For example, the author considers a judicial execution for what is internationally considered as a capital crime like murder to not be democide. But a judicial execution for what is internationally considered as a trivial matter like making an anti-government joke is. Civilians caught in the crossfire during times of war are not considered democide, and neither are civilian deaths from bombs due to genuine mistakes in navigation. But civilian deaths due to indiscriminate bombings are classified as democide.

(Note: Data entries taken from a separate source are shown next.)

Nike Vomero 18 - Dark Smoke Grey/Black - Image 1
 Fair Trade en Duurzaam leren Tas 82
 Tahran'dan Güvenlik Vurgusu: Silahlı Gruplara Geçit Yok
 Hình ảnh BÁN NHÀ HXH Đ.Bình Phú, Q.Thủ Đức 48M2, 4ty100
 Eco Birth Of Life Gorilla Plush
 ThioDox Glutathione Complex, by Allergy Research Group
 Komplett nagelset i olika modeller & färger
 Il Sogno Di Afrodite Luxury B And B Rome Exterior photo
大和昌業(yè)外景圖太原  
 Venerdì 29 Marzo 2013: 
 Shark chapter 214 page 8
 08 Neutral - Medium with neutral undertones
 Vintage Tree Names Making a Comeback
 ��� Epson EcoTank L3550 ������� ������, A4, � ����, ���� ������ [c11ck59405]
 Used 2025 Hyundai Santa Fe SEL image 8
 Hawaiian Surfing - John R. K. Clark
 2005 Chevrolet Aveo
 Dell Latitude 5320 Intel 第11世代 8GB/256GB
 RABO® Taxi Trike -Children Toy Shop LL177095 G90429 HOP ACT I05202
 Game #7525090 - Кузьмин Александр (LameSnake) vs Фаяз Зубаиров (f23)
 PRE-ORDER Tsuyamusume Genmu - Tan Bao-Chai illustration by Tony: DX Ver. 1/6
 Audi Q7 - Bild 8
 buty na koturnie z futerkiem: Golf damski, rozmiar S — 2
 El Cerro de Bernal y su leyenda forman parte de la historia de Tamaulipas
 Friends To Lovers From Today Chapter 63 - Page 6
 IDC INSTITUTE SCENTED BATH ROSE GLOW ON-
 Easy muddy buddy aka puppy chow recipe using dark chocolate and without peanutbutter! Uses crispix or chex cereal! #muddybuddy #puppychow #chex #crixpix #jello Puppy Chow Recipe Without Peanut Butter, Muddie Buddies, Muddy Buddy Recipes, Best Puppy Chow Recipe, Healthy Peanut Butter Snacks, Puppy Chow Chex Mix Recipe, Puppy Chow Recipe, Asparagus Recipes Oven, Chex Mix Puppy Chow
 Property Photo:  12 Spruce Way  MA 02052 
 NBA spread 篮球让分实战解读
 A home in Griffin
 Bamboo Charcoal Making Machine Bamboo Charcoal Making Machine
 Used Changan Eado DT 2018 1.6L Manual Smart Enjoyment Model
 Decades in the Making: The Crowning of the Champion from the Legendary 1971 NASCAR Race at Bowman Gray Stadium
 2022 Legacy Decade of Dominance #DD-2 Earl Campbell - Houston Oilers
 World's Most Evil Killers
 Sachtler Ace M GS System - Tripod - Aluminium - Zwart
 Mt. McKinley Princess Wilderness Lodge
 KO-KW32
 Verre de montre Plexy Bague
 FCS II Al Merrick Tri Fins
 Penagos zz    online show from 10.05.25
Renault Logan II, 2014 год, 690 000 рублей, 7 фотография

What is interesting is that these qualifications are not simple to put in writing and one may assume to encounter that same difficulty when reviewing each case. However, the author states:

I have found that in the vast majority of events and episodes, democide is unambiguous. … Sad to say, most cases of government killing in this century are that clear. The number of deaths will be hazy for many of these cases; the perpetrators and intent will not. [Emphasis original.]

In chapter 3, the author briefly discusses pre-20th-century democide which he estimates to be over 133,147,000 murdered. This is probably the weakest chapter because the history is more difficult to trace, but it is not the focus of this book. From chapter 4 onwards, each chapter paints a general picture of the democide committed by a particular government during the 20th century. He only covers the worse culprits. These chapters are listed below.

4. 61,911,000 Murdered: The Soviet Gular State

5. 35,236,000 Murdered: The Communist Chinese Anthill

6. 20,946,000 Murdered: The Nazi Genocide State

7. 10,214,000 Murdered: The Depraved Nationalist Regime

8. 5,964,000 Murdered: Japan’s Savage Military

9. 2,035,000 Murdered: The Hell State: Cambodia Under the Khmer Rouge

10. 1,883,000 Murdered: Turkey’s Genocidal Purges

11. 1,670,000 Murdered: The Vietnamese War State

12. 1,585,000 Murdered: Poland’s Ethnic Cleansing

13. 1,503,000 Murdered: The Pakistani Cutthroat State

14. 1,072,000 Murdered: Tito’s Slaughterhouse

15. 1,663,000 Murdered? Orwellian North Korea

16. 1,417,000 Murdered? Barbarous Mexico

17. 1,066,000 Murdered? Feudal Russia

On balance, this book is easy to read despite the subject matter. As a single-volume text intended to paint a general picture, it does just that. Perhaps the one other weakness is that it does not include democide committed by the US and UK. Although both countries, according to the definitions adopted by the author, are arguably statistical amateurs compared to some of the regimes listed above, both were nonetheless major powers in the timeframe of interest. The author does not neglect to mention the indiscriminate bombings by the Allies during WWII amongst other episodes of democide, but two chapters devoted to the US and UK would have made this book feel more complete.

Tables, graphs and charts are sporadically used in the text and there is a list of all tables and figures following the table of contents. Although incomplete, there is a comprehensive list of references at the end spanning over 70 pages.